Required work
All of the data that follows is to be written out exactly, with images excluded.

****************************************

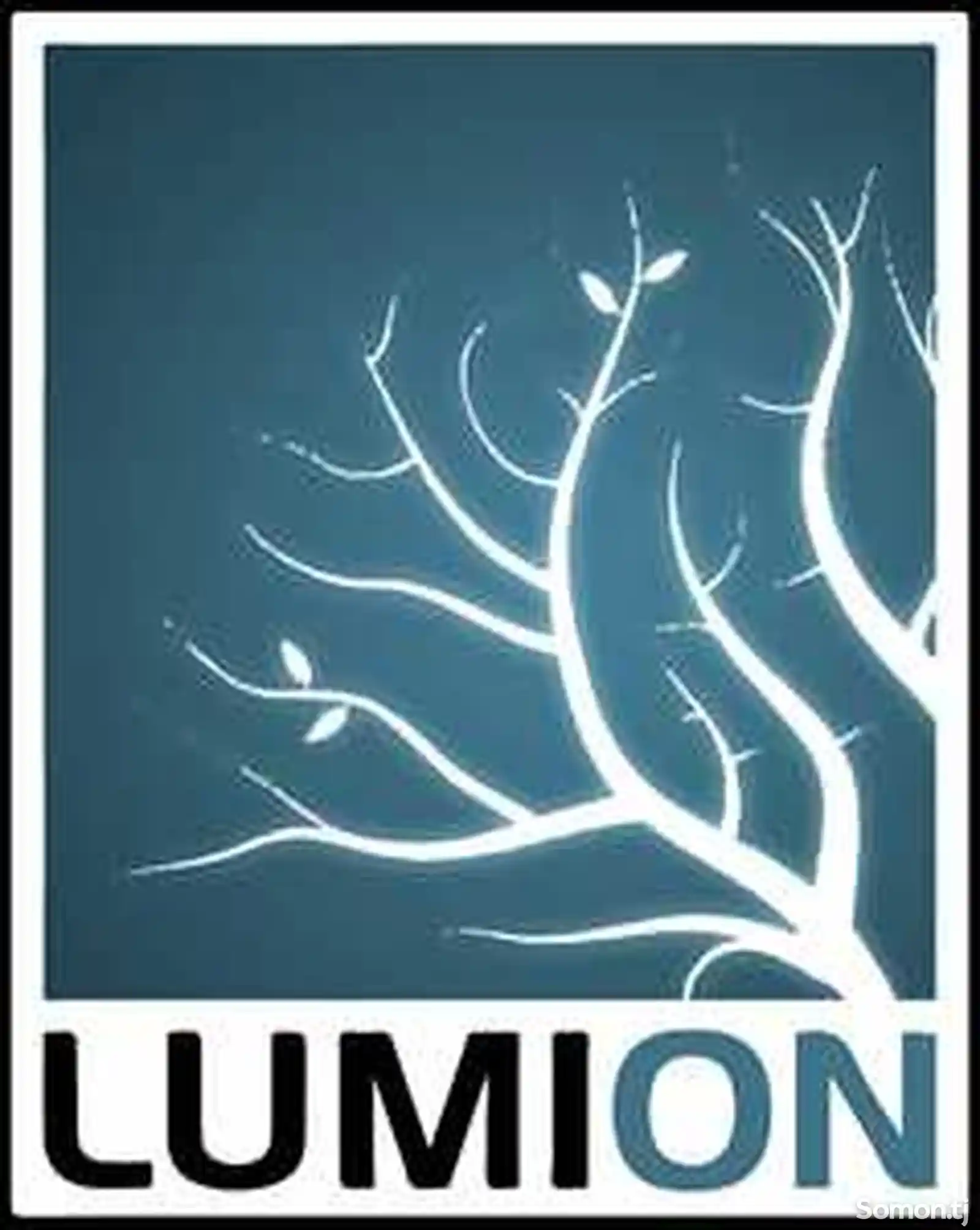 Программа Lumion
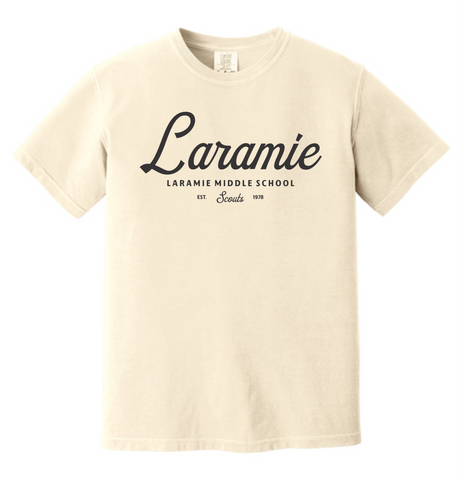 LMS Southern Bell Tee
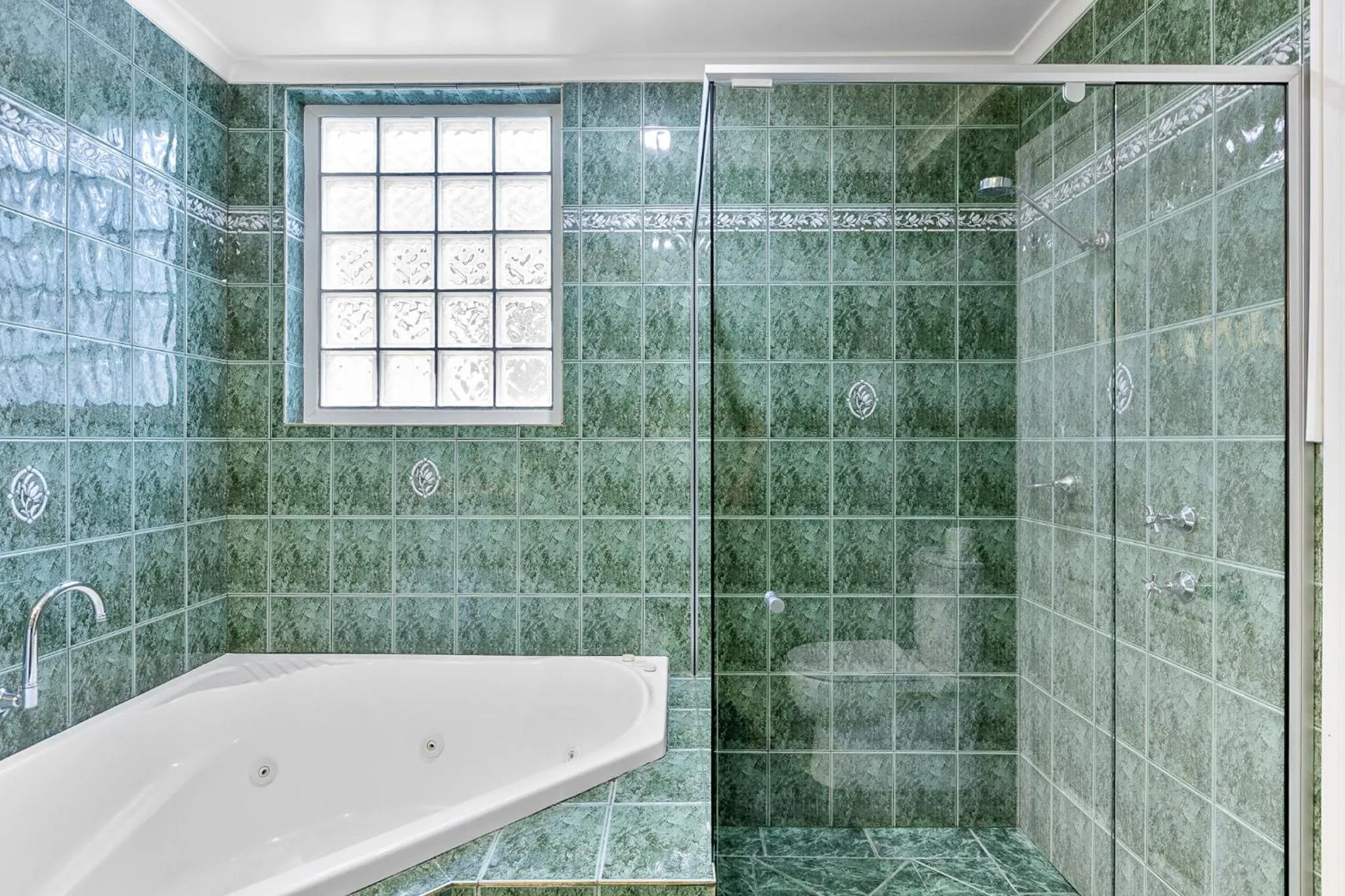 Bathroom in Best Western Port Lincoln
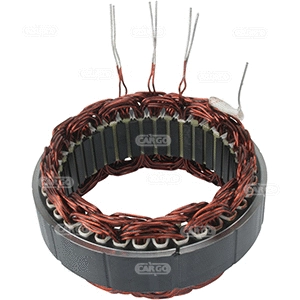 Stator, alternator (134565)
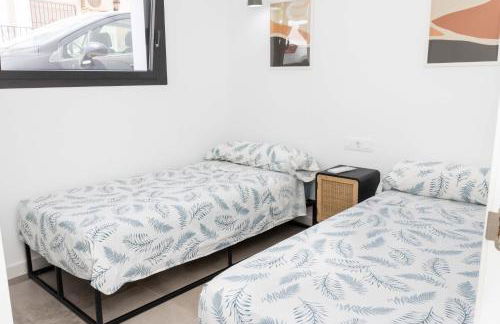 Bajo con patio, Calle Cañada Aguilar 10 - Foto 25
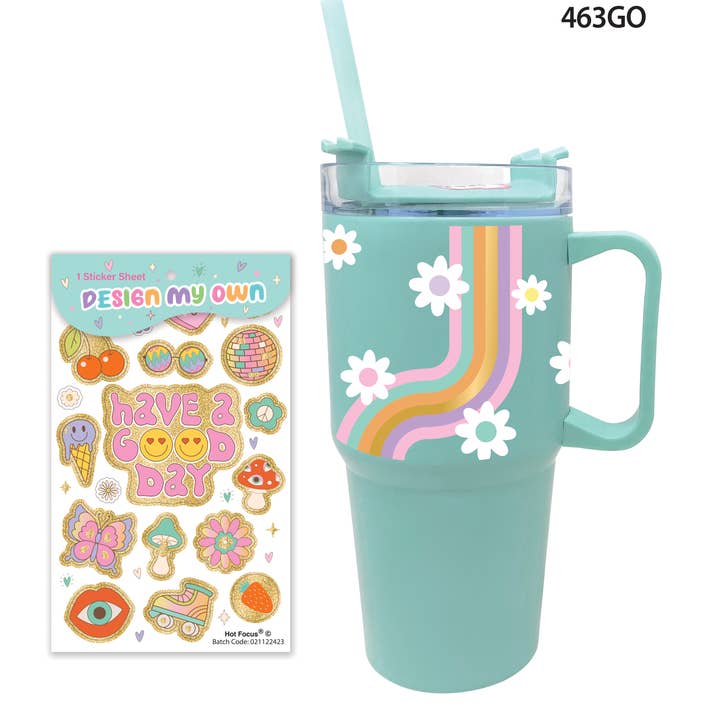 On-The-Go Mug | Good Day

****************************************

Answer for the task
 Программа Lumion
 LMS Southern Bell Tee
 Bathroom in Best Western Port Lincoln
 Stator, alternator (134565)
 Bajo con patio, Calle Cañada Aguilar 10 - Foto 25
 On-The-Go Mug | Good Day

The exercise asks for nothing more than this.